Network Working Group | P. Saint-Andre |
Internet-Draft | Cisco |
Intended status: Informational | March 14, 2011 |
Expires: September 15, 2011 |
Internationalized Addresses in XMPP
draft-saintandre-xmpp-i18n-03
The Extensible Messaging and Presence Protocol (XMPP) as defined in RFC 3920 used stringprep in the preparation and comparison of non-ASCII characters within XMPP addresses. This document explores a post-stringprep approach to XMPP addresses.
This Internet-Draft is submitted in full conformance with the provisions of BCP 78 and BCP 79.
Internet-Drafts are working documents of the Internet Engineering Task Force (IETF). Note that other groups may also distribute working documents as Internet-Drafts. The list of current Internet- Drafts is at http://datatracker.ietf.org/drafts/current/.
Internet-Drafts are draft documents valid for a maximum of six months and may be updated, replaced, or obsoleted by other documents at any time. It is inappropriate to use Internet-Drafts as reference material or to cite them other than as "work in progress."
This Internet-Draft will expire on September 15, 2011.
Copyright (c) 2011 IETF Trust and the persons identified as the document authors. All rights reserved.
This document is subject to BCP 78 and the IETF Trust's Legal Provisions Relating to IETF Documents (http://trustee.ietf.org/license-info) in effect on the date of publication of this document. Please review these documents carefully, as they describe your rights and restrictions with respect to this document. Code Components extracted from this document must include Simplified BSD License text as described in Section 4.e of the Trust Legal Provisions and are provided without warranty as described in the Simplified BSD License.

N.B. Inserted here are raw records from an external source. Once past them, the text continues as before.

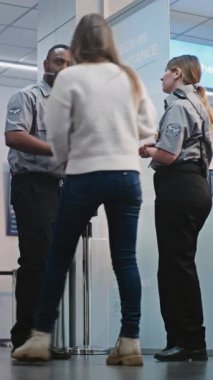 Kalabalık Uluslararası Havaalanı Terminali: İki farklı güvenlik görevlisi konuşuyor, Güvenlik Kontrol Noktasında duruyor, Kadına Yardım Ediyor. Bagajı Uçuşlara Giden Çeşitli İnsanlar. Dikey Çekim.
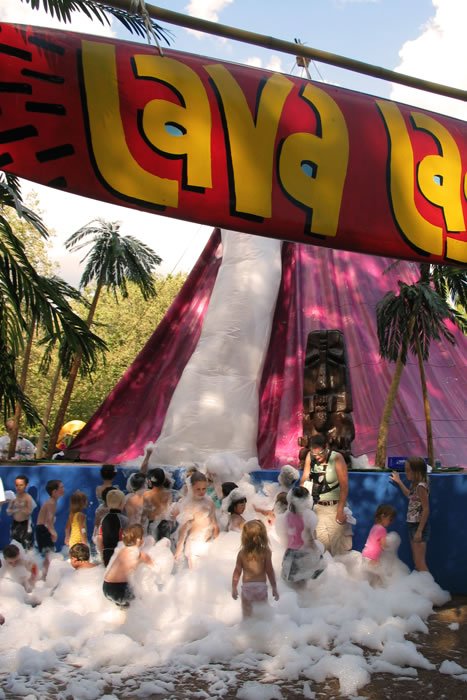 Photos of a vibrant foam party at Lava Land. Children play in foam under a red sign with tropical decor.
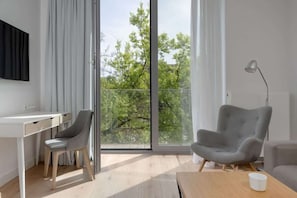 Une chambre moderne équipée d’un bureau, de deux chaises, d’une grande fenêtre donnant sur la verdure et d’une lampe.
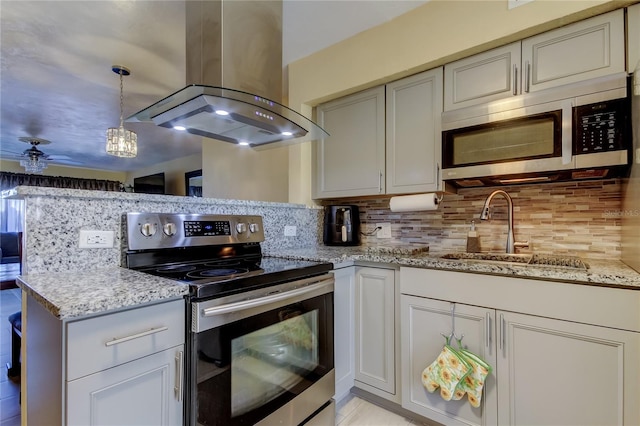 kitchen with a sink, backsplash, stainless steel appliances, and island range hood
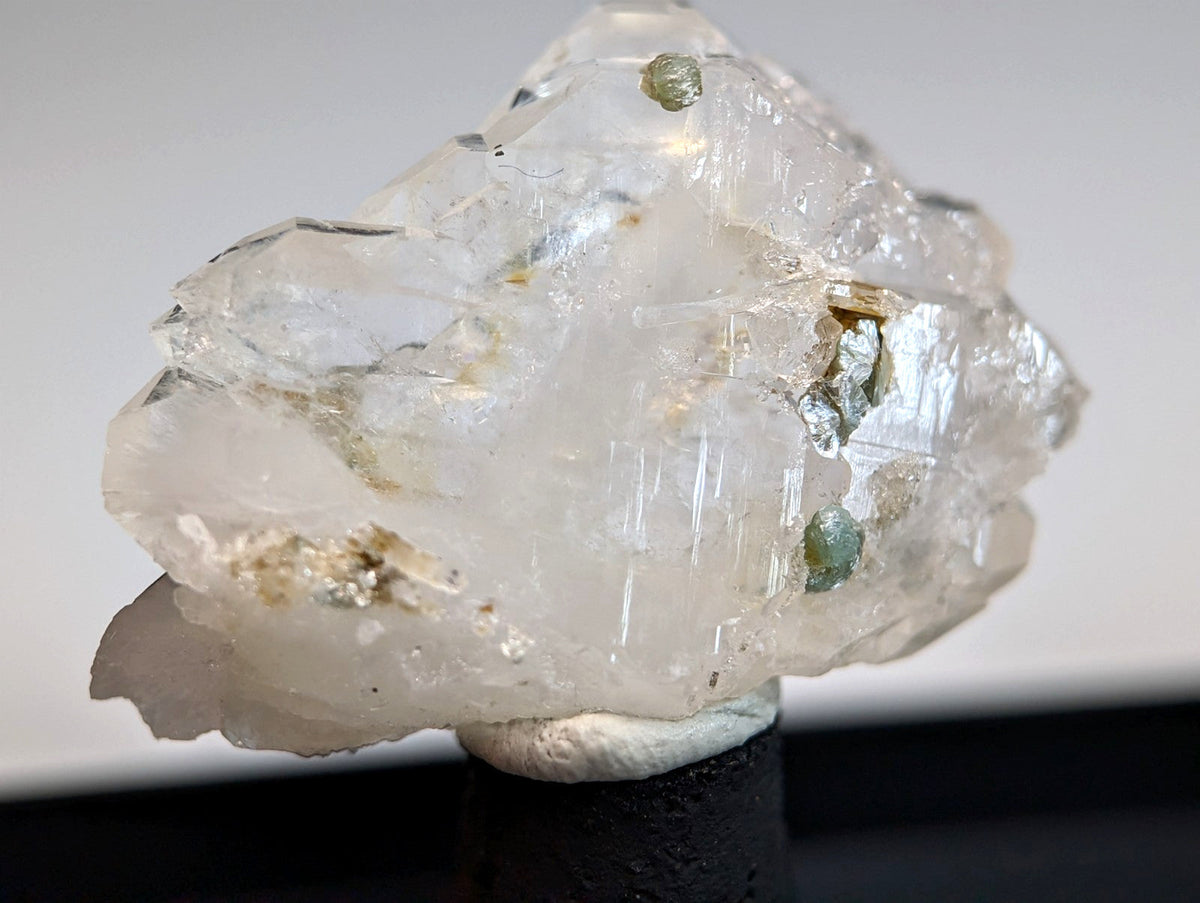 Faden quartz crystal with translucent blue-green uv reactive cookeite and metallic inclusions from Saline County Arkansas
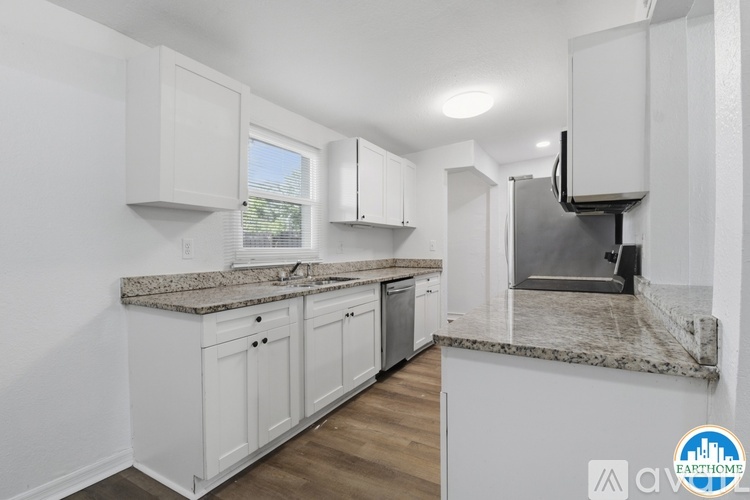 A kitchen with white cabinets and a granite countertop.
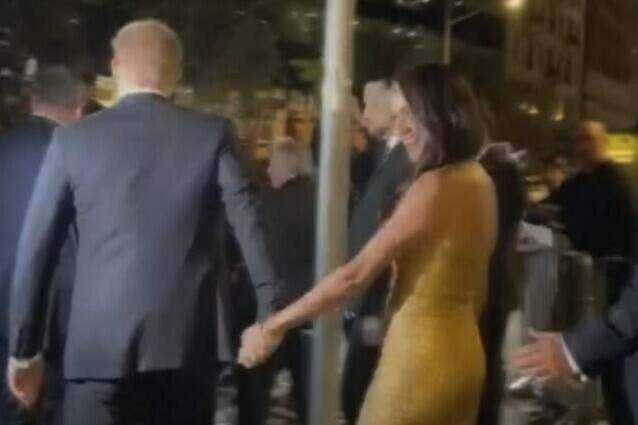 In this image from video, Prince Harry and his wife Meghan Markle exit Manhattan’s Ziegfeld Ballroom on Tuesday, May 16, 2023 in New York. The couple’s office says the pair and Meghan’s mother were followed by vehicles after leaving a charity event on Tuesday. It said in a statement Wednesday that the pursuit “resulted in multiple near collisions involving other drivers on the road, pedestrians and two NYPD officers.” The incident instantly drew comparisons to the 1997 fatal car crash of Harry’s mother, Princess Diana. (AP Photo)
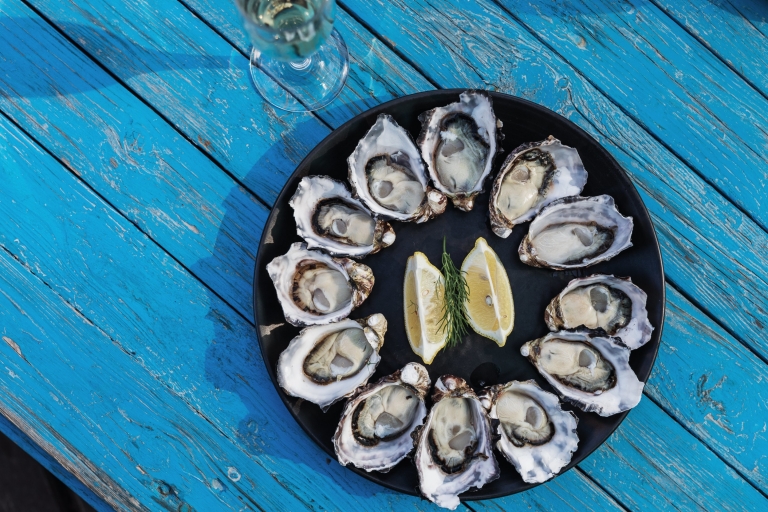 Aerial view over a plate of oysters spread out in a circle with lemon wedges in the centre on a blue table with Get Shucked, Bruny Island, Tasmania © Adam Gibson/Tourism Tasmania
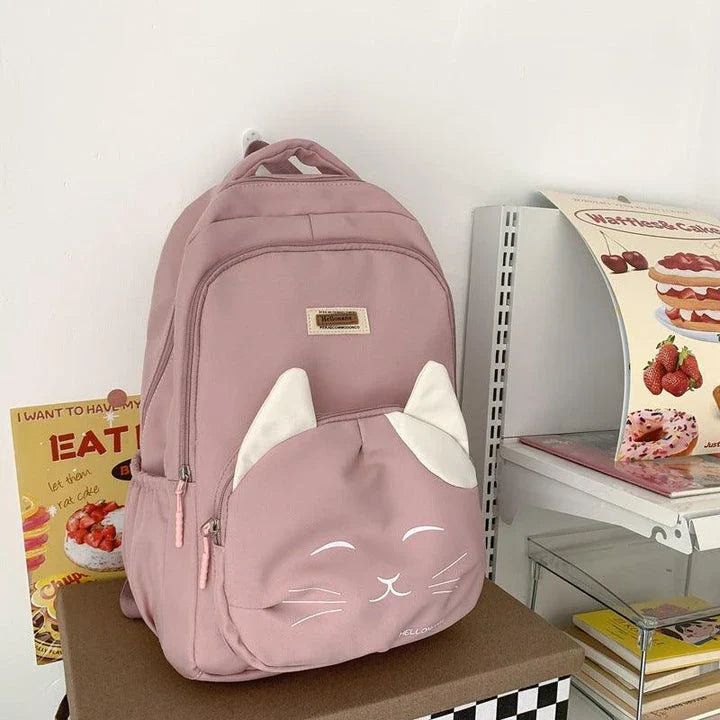 A stylish Japanese-inspired cat backpack with a large capacity, breathable nylon construction, and dedicated storage compartments for student essentials.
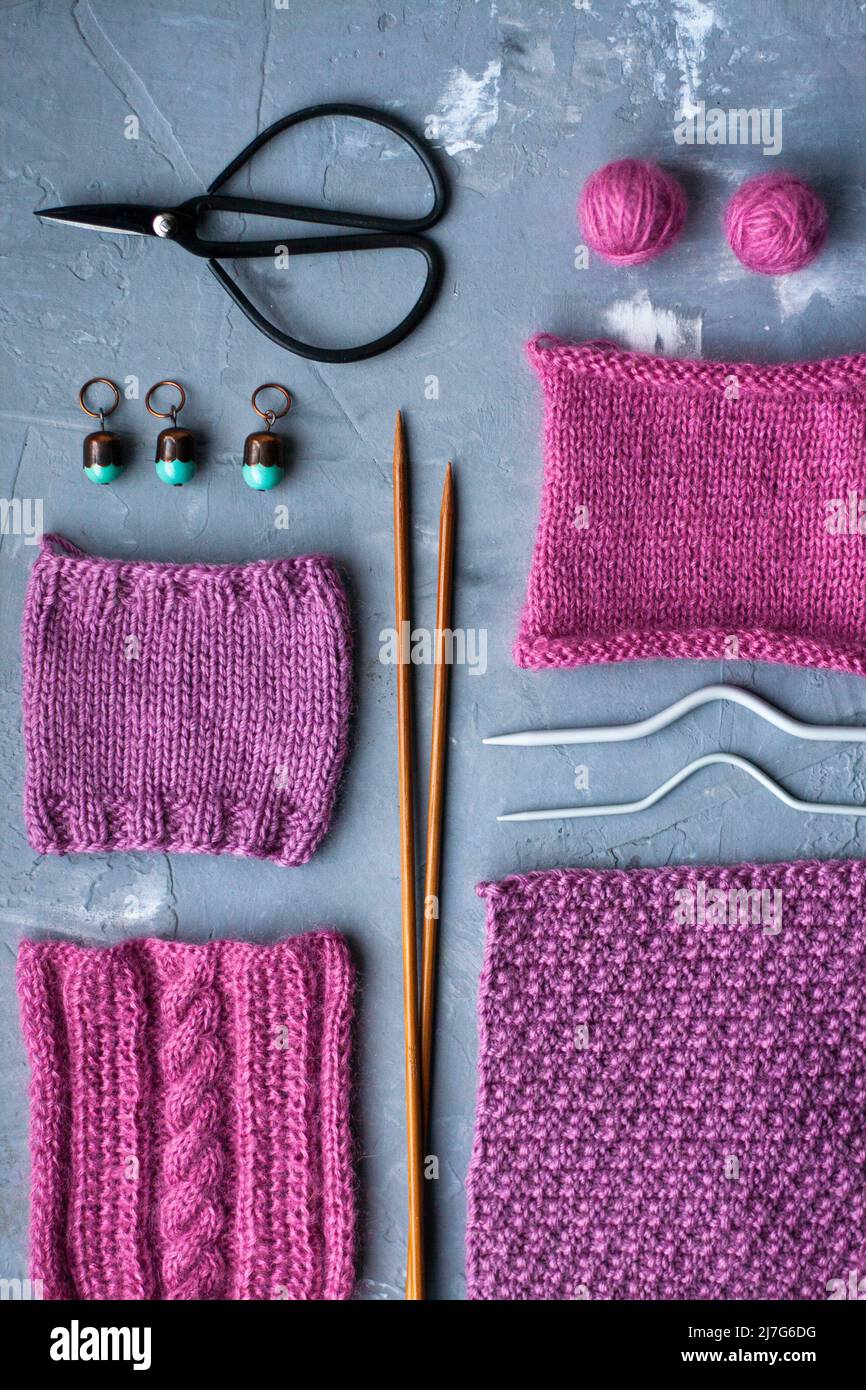 Vue de dessus: Les accessoires de tricotage et les échantillons de produits tricotés se trouvent sur un fond en béton gris. Lieu d'inscription. Banque D'Images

The Extensible Messaging and Presence Protocol [RFC6120] is a widely-deployed technology for real-time communication, commonly used for instant messaging (IM) among human users but also for communication among automated systems. XMPP addresses (also called "JabberIDs" or JIDs) are of the form <localpart@domainpart/resourcepart>, where the localpart and resourcepart are formally optional but quite common because they are used to identify clients and other entities on the network. In some sense, XMPP addresses have always been internationalized, because the developers of the original Jabber open-source project intended that all data sent over the wire would consist of UTF-8 encoded Unicode code points. However, at that time (1999) the Jabber developers were quite unsophisticated about internationalization, nor could they simply re-use a reliable internationalization technology that had been developed by the wider Internet community (as they could, for example, by re-using Secure Sockets Layer and Transport Layer Security for channel encryption); this lack of sophistication is evident in the community's first attempt at formally defining the format for JabberIDs in early 2002 [XEP-0029].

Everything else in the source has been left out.